> WORK INSTRUCTIONS
Your task is to repeat exactly the lines below between the line holding "Fiskars All-purpose Kitchen" and the line holding "CFK003 - เก้าอี้ทำงาน (Office Chair)", inclusive, and only those.

> DATA TO PROCESS
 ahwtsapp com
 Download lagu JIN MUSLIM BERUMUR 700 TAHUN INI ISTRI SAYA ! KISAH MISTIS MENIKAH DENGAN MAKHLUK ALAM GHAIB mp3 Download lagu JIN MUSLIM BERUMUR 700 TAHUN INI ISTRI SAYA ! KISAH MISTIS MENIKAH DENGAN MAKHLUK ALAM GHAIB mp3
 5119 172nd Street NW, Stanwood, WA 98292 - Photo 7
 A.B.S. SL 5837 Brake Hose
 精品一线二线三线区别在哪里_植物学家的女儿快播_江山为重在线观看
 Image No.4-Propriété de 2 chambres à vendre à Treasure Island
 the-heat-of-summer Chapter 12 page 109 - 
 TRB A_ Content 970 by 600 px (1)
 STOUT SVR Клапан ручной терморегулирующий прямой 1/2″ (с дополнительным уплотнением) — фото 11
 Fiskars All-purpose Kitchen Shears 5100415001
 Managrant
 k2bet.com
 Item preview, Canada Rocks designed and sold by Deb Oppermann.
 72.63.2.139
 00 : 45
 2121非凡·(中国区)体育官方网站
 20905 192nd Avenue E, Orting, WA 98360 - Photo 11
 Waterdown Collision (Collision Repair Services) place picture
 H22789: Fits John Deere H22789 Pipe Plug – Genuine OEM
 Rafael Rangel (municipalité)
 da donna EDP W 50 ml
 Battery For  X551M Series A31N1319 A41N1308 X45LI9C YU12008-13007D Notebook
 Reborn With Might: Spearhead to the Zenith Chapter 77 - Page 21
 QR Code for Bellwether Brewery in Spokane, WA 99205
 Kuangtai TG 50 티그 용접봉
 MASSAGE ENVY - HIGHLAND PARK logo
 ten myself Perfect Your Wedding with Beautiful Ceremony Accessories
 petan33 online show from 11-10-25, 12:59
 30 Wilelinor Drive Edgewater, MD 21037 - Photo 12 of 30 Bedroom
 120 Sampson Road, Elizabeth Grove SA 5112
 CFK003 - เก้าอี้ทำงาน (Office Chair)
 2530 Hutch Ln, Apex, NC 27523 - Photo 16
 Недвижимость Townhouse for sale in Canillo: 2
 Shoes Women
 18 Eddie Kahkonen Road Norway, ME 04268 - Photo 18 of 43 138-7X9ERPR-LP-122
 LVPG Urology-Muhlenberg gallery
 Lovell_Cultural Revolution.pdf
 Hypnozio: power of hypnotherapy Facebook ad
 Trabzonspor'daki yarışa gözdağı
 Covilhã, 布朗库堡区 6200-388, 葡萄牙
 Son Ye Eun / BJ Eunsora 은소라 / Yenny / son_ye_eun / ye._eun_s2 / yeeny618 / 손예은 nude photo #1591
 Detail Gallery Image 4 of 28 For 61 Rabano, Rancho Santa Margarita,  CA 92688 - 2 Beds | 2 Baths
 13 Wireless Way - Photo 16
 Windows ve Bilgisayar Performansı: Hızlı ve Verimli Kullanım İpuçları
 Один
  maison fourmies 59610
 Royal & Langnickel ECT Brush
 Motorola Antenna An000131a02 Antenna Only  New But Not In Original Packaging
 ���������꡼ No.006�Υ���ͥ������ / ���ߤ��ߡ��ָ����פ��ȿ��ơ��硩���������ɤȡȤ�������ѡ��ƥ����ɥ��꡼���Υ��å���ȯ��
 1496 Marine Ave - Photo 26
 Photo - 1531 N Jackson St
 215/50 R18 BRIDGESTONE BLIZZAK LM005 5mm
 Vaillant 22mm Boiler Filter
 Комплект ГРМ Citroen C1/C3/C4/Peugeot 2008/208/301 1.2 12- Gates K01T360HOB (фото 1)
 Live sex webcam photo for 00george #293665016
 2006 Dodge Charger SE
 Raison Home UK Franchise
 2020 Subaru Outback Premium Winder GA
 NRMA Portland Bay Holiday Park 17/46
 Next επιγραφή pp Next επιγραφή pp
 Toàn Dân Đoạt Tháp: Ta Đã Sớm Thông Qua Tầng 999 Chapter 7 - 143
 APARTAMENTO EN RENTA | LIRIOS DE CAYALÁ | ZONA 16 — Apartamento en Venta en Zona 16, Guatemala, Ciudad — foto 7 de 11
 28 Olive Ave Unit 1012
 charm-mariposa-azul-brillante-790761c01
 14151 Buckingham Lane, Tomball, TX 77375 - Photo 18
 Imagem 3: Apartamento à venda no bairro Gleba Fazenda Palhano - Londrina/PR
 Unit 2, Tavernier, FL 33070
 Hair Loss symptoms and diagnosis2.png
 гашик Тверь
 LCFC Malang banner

> ANSWER
 Fiskars All-purpose Kitchen Shears 5100415001
 Managrant
 k2bet.com
 Item preview, Canada Rocks designed and sold by Deb Oppermann.
 72.63.2.139
 00 : 45
 2121非凡·(中国区)体育官方网站
 20905 192nd Avenue E, Orting, WA 98360 - Photo 11
 Waterdown Collision (Collision Repair Services) place picture
 H22789: Fits John Deere H22789 Pipe Plug – Genuine OEM
 Rafael Rangel (municipalité)
 da donna EDP W 50 ml
 Battery For  X551M Series A31N1319 A41N1308 X45LI9C YU12008-13007D Notebook
 Reborn With Might: Spearhead to the Zenith Chapter 77 - Page 21
 QR Code for Bellwether Brewery in Spokane, WA 99205
 Kuangtai TG 50 티그 용접봉
 MASSAGE ENVY - HIGHLAND PARK logo
 ten myself Perfect Your Wedding with Beautiful Ceremony Accessories
 petan33 online show from 11-10-25, 12:59
 30 Wilelinor Drive Edgewater, MD 21037 - Photo 12 of 30 Bedroom
 120 Sampson Road, Elizabeth Grove SA 5112
 CFK003 - เก้าอี้ทำงาน (Office Chair)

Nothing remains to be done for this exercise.